Return exactly, with nothing added, the lines from the one that contains "邹市明爱子邹明轩拳击擂台首秀一战击倒对手遗传天赋震惊全场" through the end of the listing below, pictures excluded.

| Material for this exercise |
☆ ☆ ☆ ☆ ☆

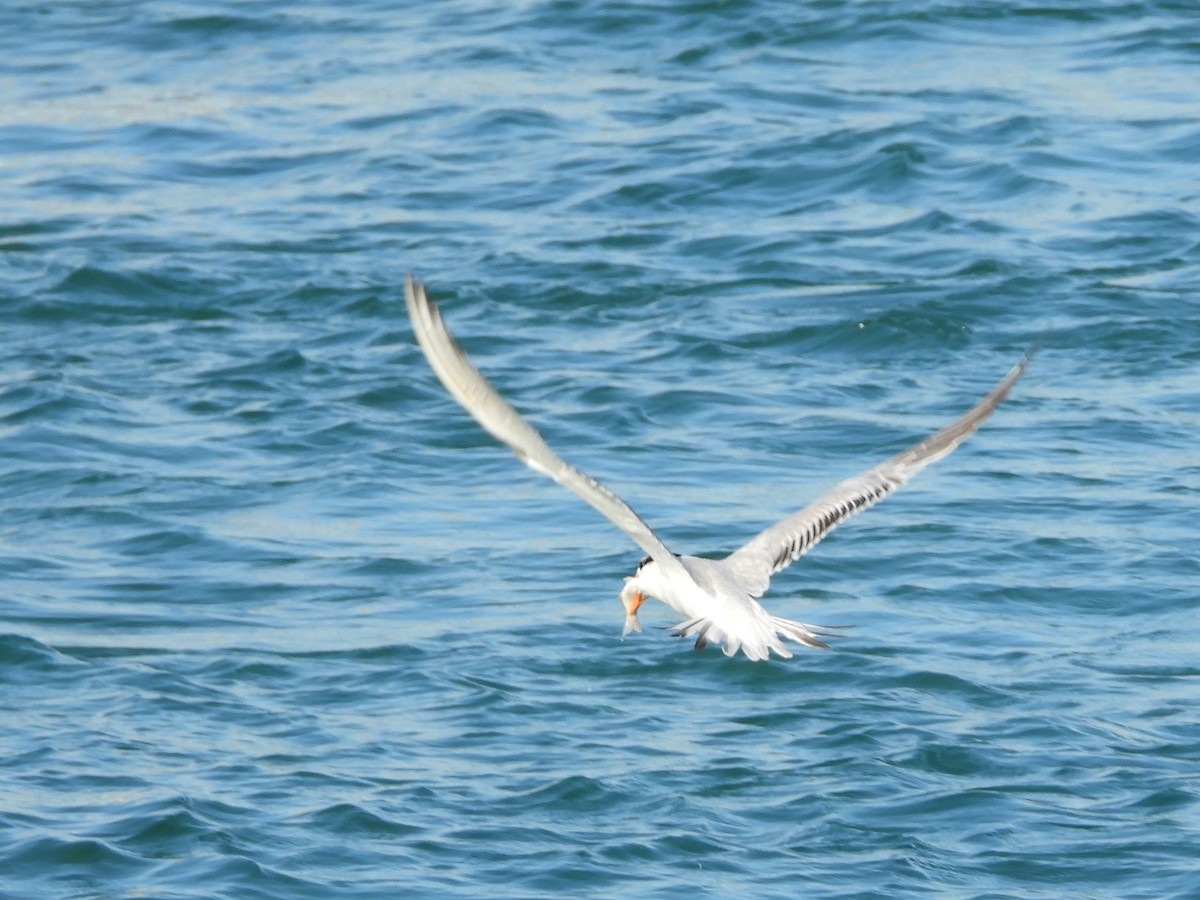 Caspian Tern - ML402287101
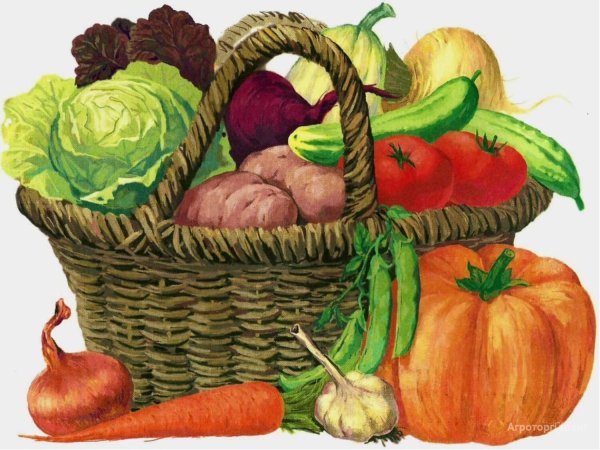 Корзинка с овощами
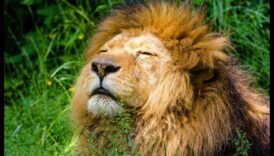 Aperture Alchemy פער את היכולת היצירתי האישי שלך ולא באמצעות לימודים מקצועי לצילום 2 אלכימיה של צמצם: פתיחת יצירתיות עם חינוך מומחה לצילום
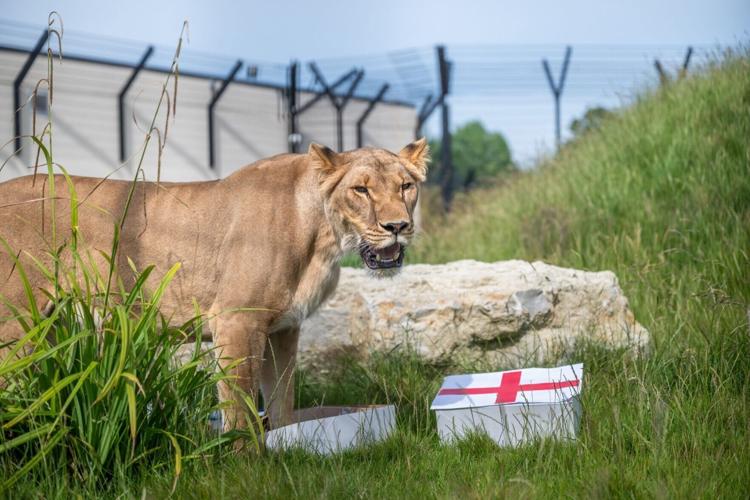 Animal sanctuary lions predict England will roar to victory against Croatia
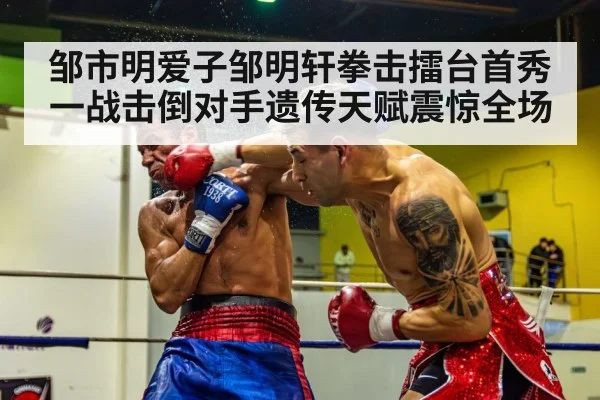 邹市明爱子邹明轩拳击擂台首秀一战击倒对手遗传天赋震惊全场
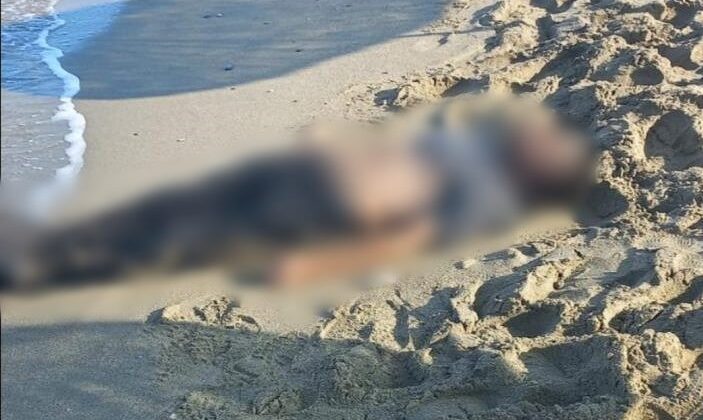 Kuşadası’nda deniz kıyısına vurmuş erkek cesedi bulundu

☆ ☆ ☆ ☆ ☆

| Solution |
 邹市明爱子邹明轩拳击擂台首秀一战击倒对手遗传天赋震惊全场
 Kuşadası’nda deniz kıyısına vurmuş erkek cesedi bulundu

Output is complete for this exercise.